Lompat ke konten Lompat ke sidebar Lompat ke footer

Terkoyak Rayap Terbawa Rekan

Tujuh rak buku menyesaki paviliun berukuran 2 x 5 meter. Sedikitnya 1.500 majalah dan buku tersusun di rak itu. Tiga sampai empat eksemplar majalah kuno dibendel sederhana: dijahit dengan benang dan diberi sampul kertas minyak warna cokelat. Beberapa koran usang dibiarkan teronggok di dekat pintu paviliun.

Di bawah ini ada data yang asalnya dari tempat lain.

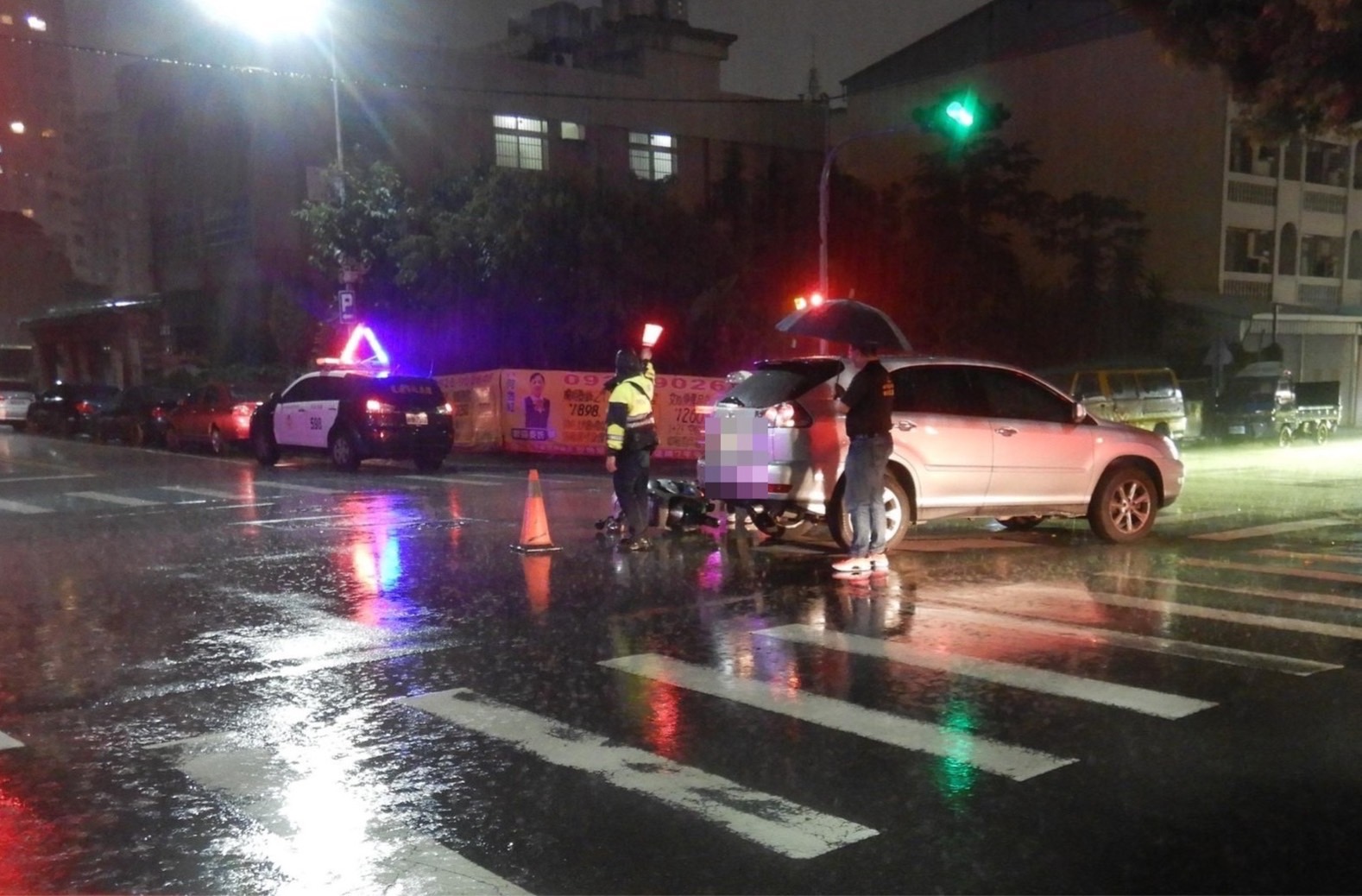 ▲天雨路滑「撞」況多,駕駛朋友更要注意減速慢行 (圖/台中市警察局 提供)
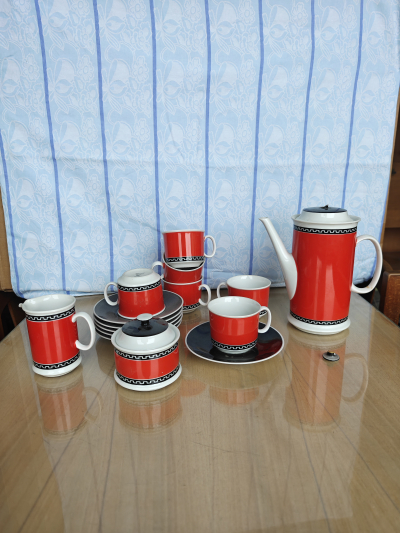 Červená čajová sada, pozor konvice bez poutka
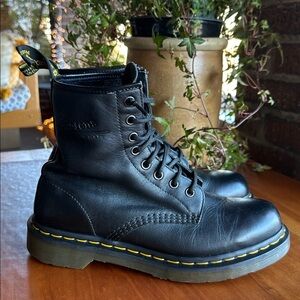 Dr Martens 1460 black leather boot w/canary yellow stitching/air ware sole. Sz 8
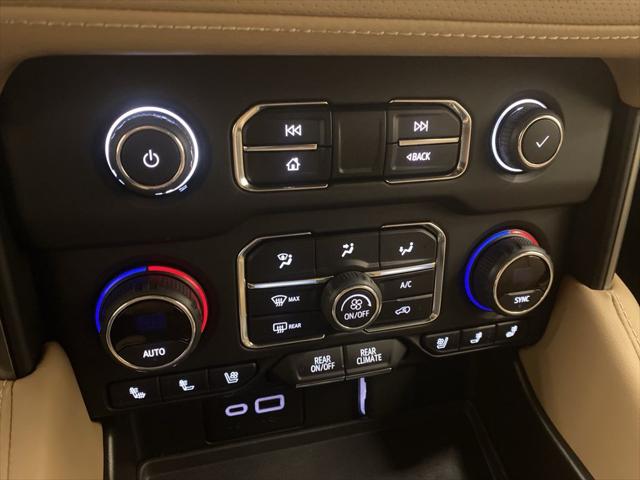 2024 Chevrolet Suburban 4WD Premier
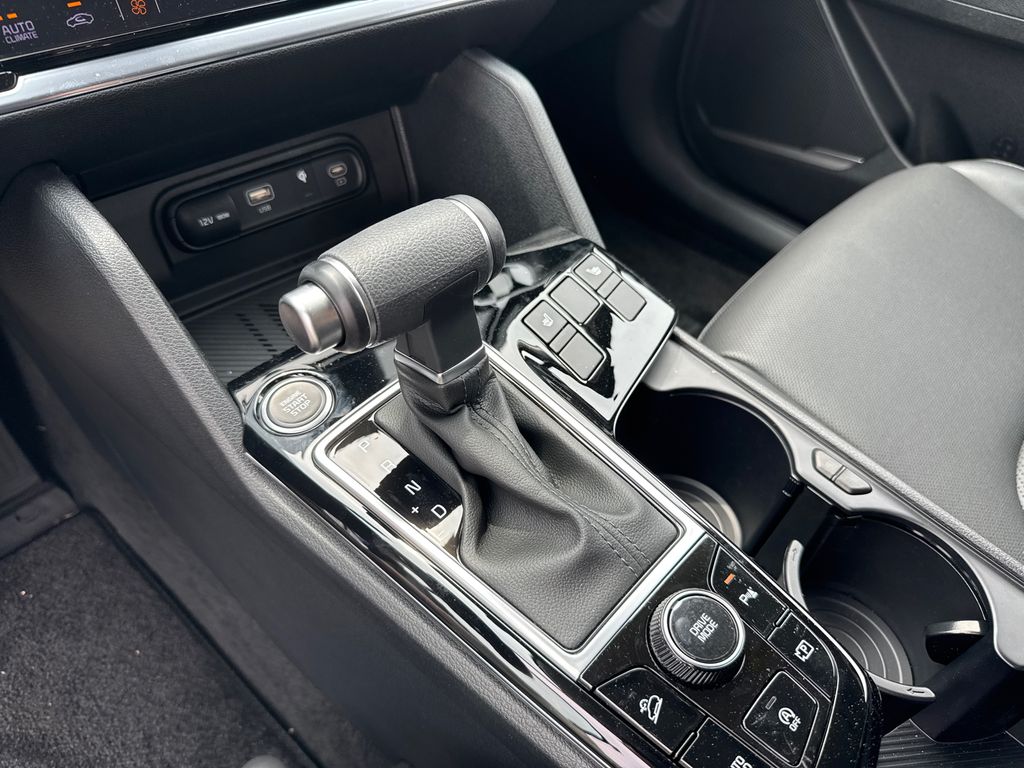 2024 Kia Sportage EX photo 30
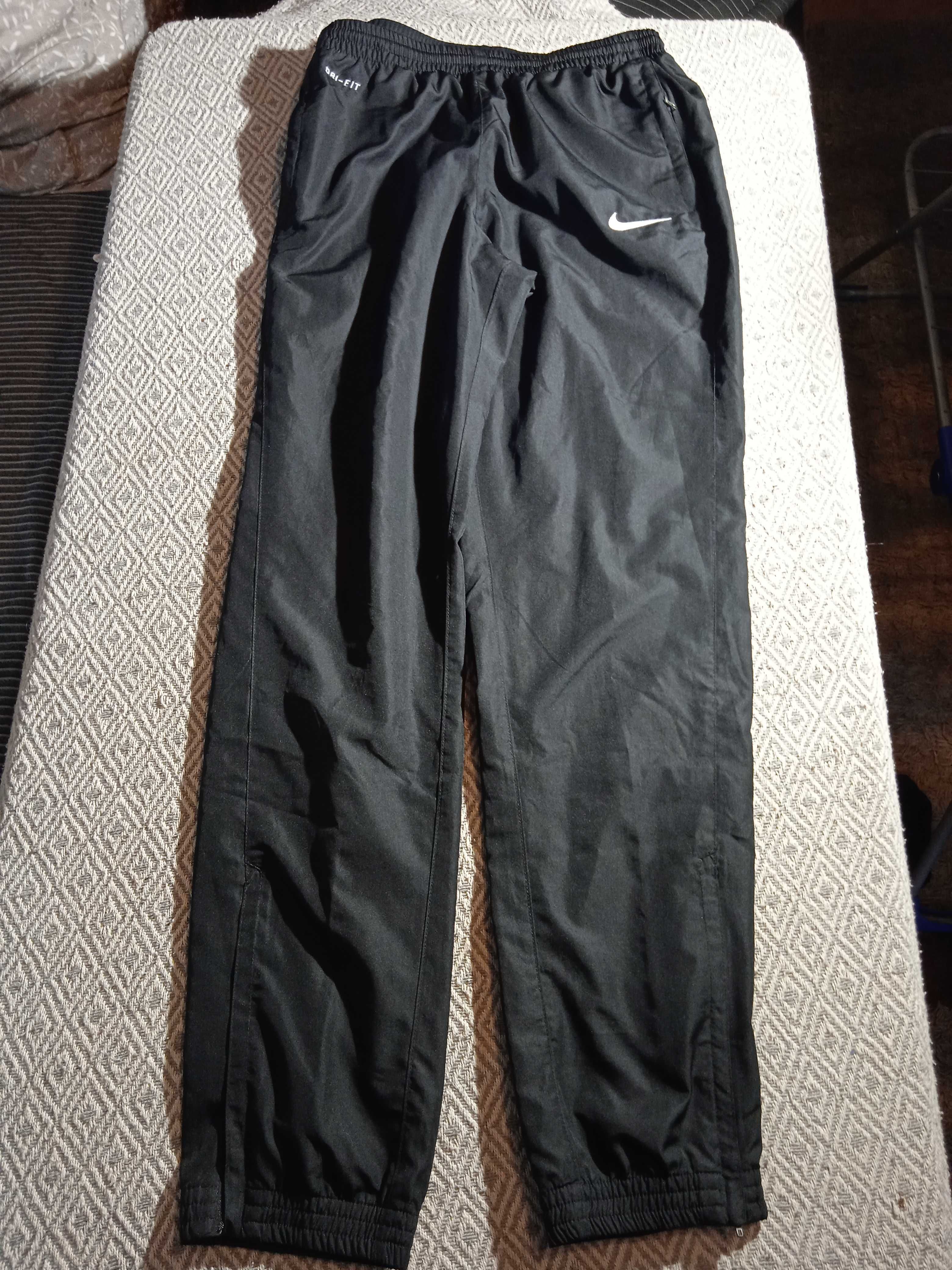 Nike Dri-Fit Nowe czarne spodnie dresowe Rozmiar M
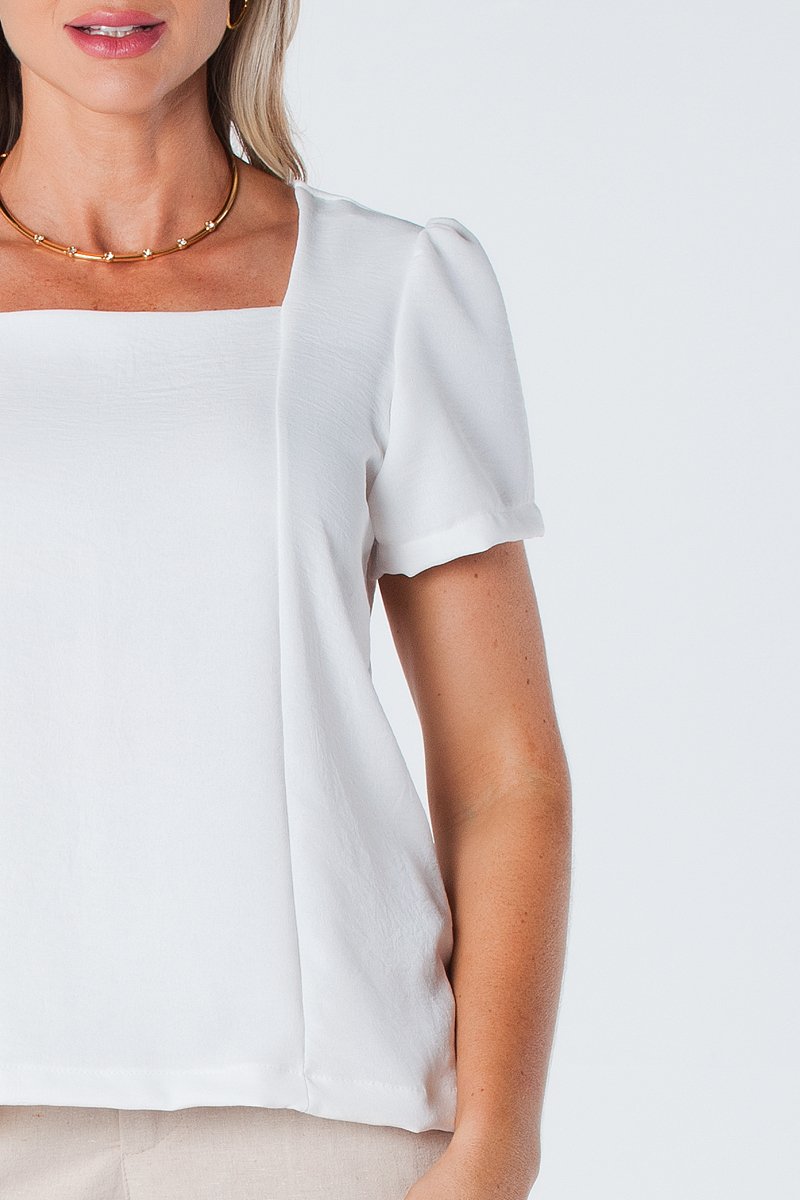 04 blusa decote quadrado e manga franzida crepe cloe preta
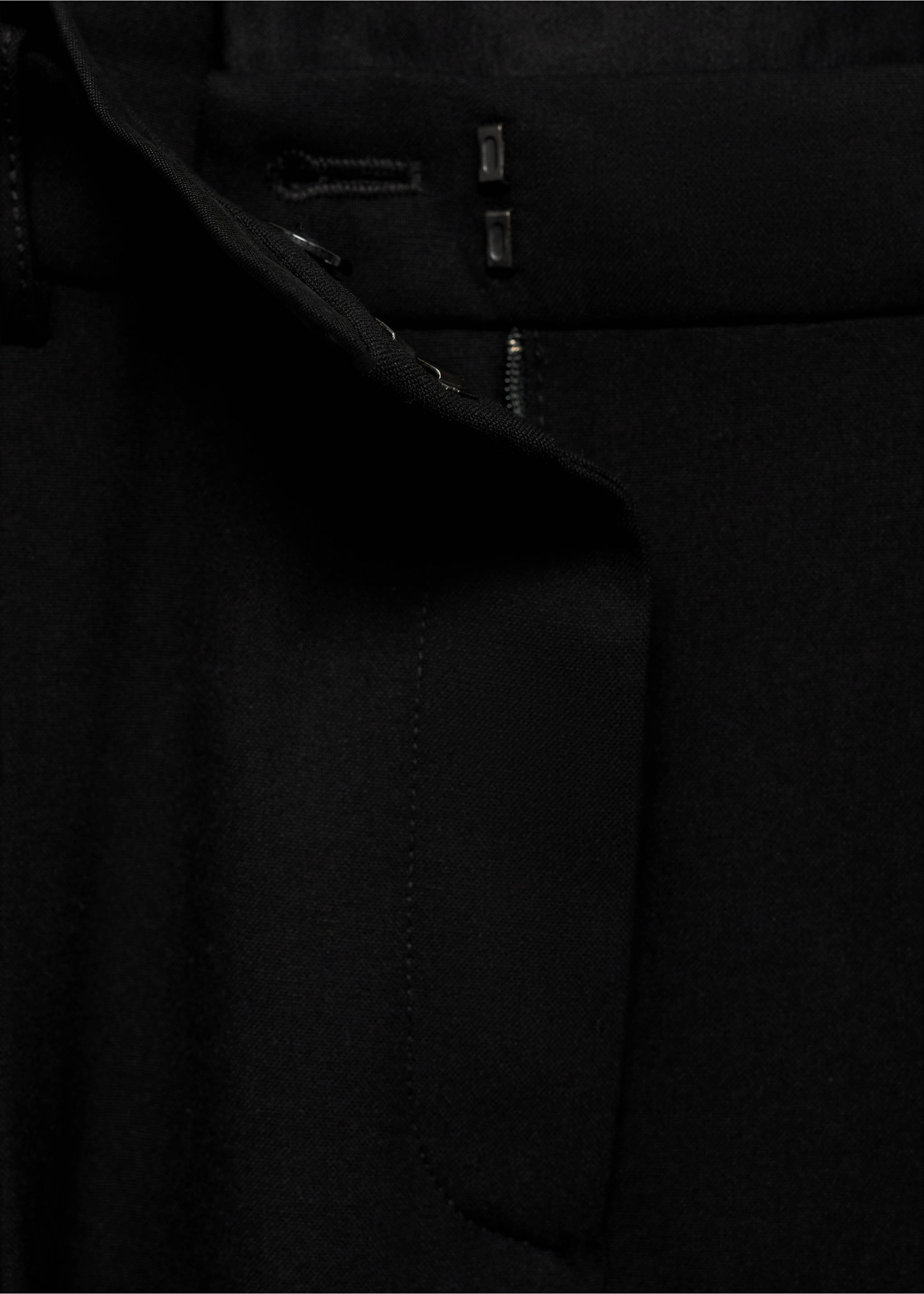 Straight-fit pleated trousers - Details of the article 8, Black. Ref: 77069073-00.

Itulah perpustakaan pribadi Sahwanoedin di Jalan Dirgahayu 1, Pamekasan, Madura. Pria kelahiran Pulau Kangean, Sumenep, 6 Juli 1929, itu menghabiskan hari-harinya di sana. Ia berlangganan dan mengoleksi berbagai majalah dan koran yang terbit sejak 1945 hingga 2000-an.

Koleksi itu, antara lain, majalah Pedoman Islam (Makassar), tabloid Penyedar (Yogyakarta), majalah Penuntun (Jakarta), SVD (terbitan Dinas Penerangan Belanda di Surabaya), dan majalah Hikmah pimpinan M. Natsir serta Mimbar Indonesia (Jakarta). Ada pula harian Pers yang dikeluarkan pejuang-pejuang republik bermarkas di Kebon Jeruk, Jakarta.

Kala pendudukan Belanda, selain berlangganan majalah, Sahwanoedin rajin membuat reportase dan menulis opini di berbagai media. Beragam peristiwa di Madura dan pulau-pulau kecil di sekitarnya jadi objek penulisan Sahwanoedin muda.

Tulisan itu tak hanya mengisi media cetak di tanah Jawa, seperti majalah Hikmah, Adil (Solo), Teruna, Sketsa Masa (Surabaya). Ia juga menulis di Waktu, majalah paling populer di Medan. "Waktu itu, satu tulisan dapat honor Rp 40. Kalau disertai foto, bisa sampai Rp 75," kata Sahwanoedin. Lumayan.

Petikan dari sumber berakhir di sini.